Key Morningstar Metrics for Nvidia
• Fair Value Estimate: $910.00
• Morningstar Rating: 3 stars
• Morningstar Economic Moat Rating: Wide
• Morningstar Uncertainty Rating: Very High
With its 3-star rating, we believe Nvidia’s stock is fairly valued compared with our long-term fair value estimate of $910 per share, which implies an equity value of roughly $2.2 trillion. Our fair value estimate implies a fiscal 2025 (ending January 2025, or effectively calendar 2024) price/adjusted earnings multiple of 35 times and a fiscal 2026 forward price/adjusted earnings multiple of 26 times.
What to Watch for In Nvidia’s Q1 Earnings
• Nvidia has been steadily beating its quarterly guidance while guiding for the upcoming quarter above FactSet consensus estimates. We anticipate more of the same in its May earnings report.
• Nvidia’s data centre business is still the focal point. Supply constraints still seem like the most significant cap on its artificial intelligence chip business. We continue to be interested in any commentary about whether (or how rapidly) Nvidia’s manufacturing partners are expanding to satisfy demand for its AI graphical processing units.
• The rapidly evolving AI market is crucial to the firm’s long-term valuation, but we still have many questions about these markets. What is the pace of data center capital expenditure in 2024 and beyond? Cloud vendors have indicated that they will continue to spend above their prior expectations to invest in AI. We think that much of this spending will go into Nvidia’s pockets. What does capital expenditure look like beyond the mega-cap cloud vendors? Enterprise spending at software vendors, financial services companies, healthcare firms, and the like also appears material.
• What is the size of the AI accelerator market? Advanced Micro Devices (AMD) stunningly lifted its forecast for the 2027 industry total addressable market to $400 billion from $150 billion. This higher total addressable market includes other types of chips besides GPUs, but it still implies massive GPU growth, and Nvidia still dominates the AI GPU space.
• How is Nvidia thinking about the chip development aspirations of these mega-cap technology customers? How will the firm combat these threats?

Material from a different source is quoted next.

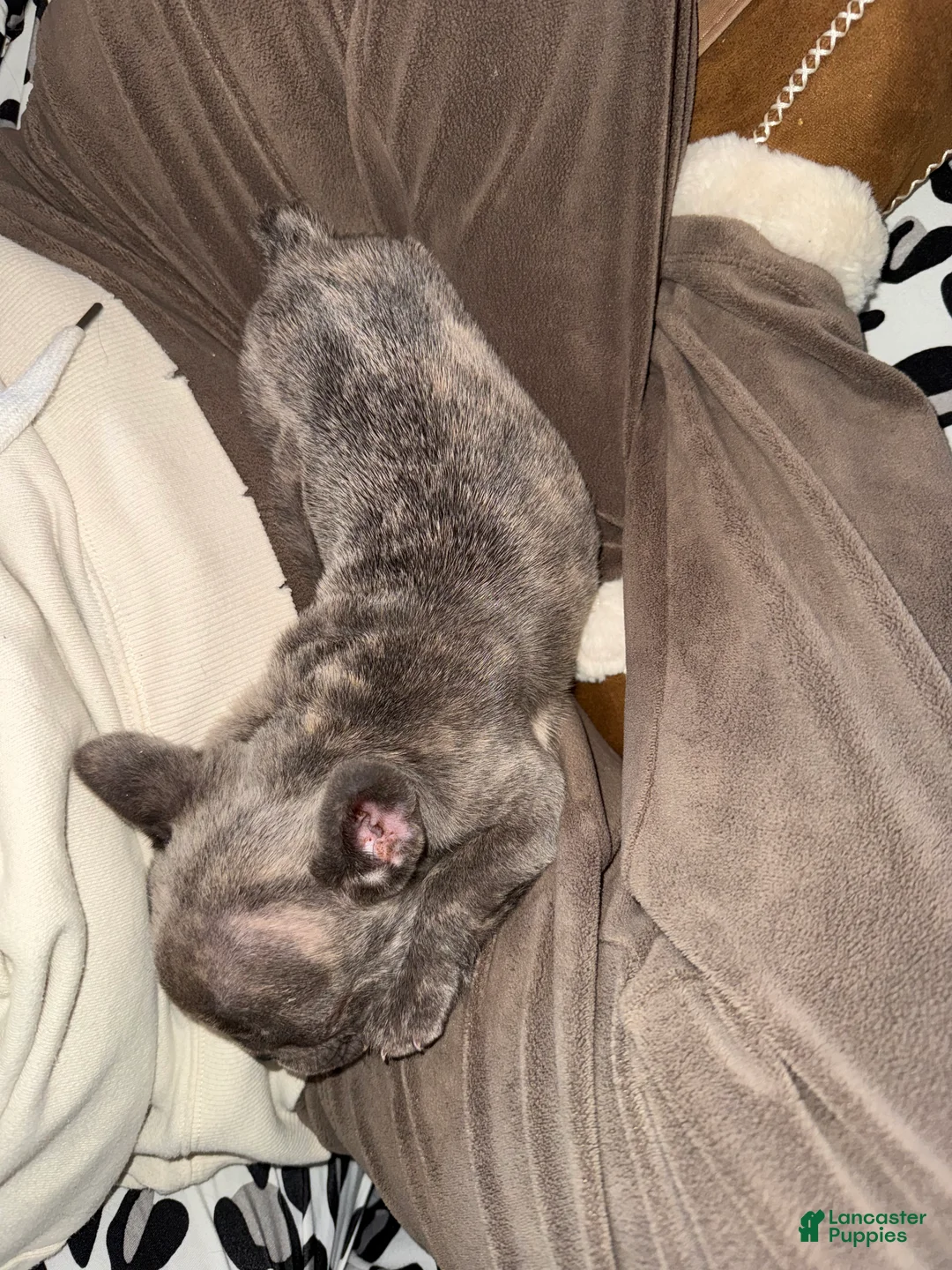 French Bulldog dogs for sale: French Bulldog Puppy 1 - Ad 7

When will its near-term supply constraints be resolved?
What’s Driving Nvidia’s Stock Price?
For better or worse, both our fair value estimate and Nvidia’s stock price will be driven by the company’s prospects in the data centre, or DC, and AI GPU businesses. DC has already achieved exponential growth, going from $3 billion in fiscal 2020 to $15 billion in fiscal 2023 and then more than tripling to $47.5 billion in fiscal 2024. DC revenue appears to be constrained by supply, and we think Nvidia will continue to steadily boost revenue in each of the four quarters in fiscal 2025 as more supply comes online. Based on Nvidia’s strong forecast start for fiscal 2025, we model DC revenue rising 113% to $101 billion over the year.
We model a 10% compound annual growth rate for the three years thereafter, as we think it is reasonable that the firm may face an inventory correction or a pause in AI demand at some point in the medium term. We model an average annual DC growth of 10% thereafter, and we consider this a reasonable long-term growth rate as AI matures.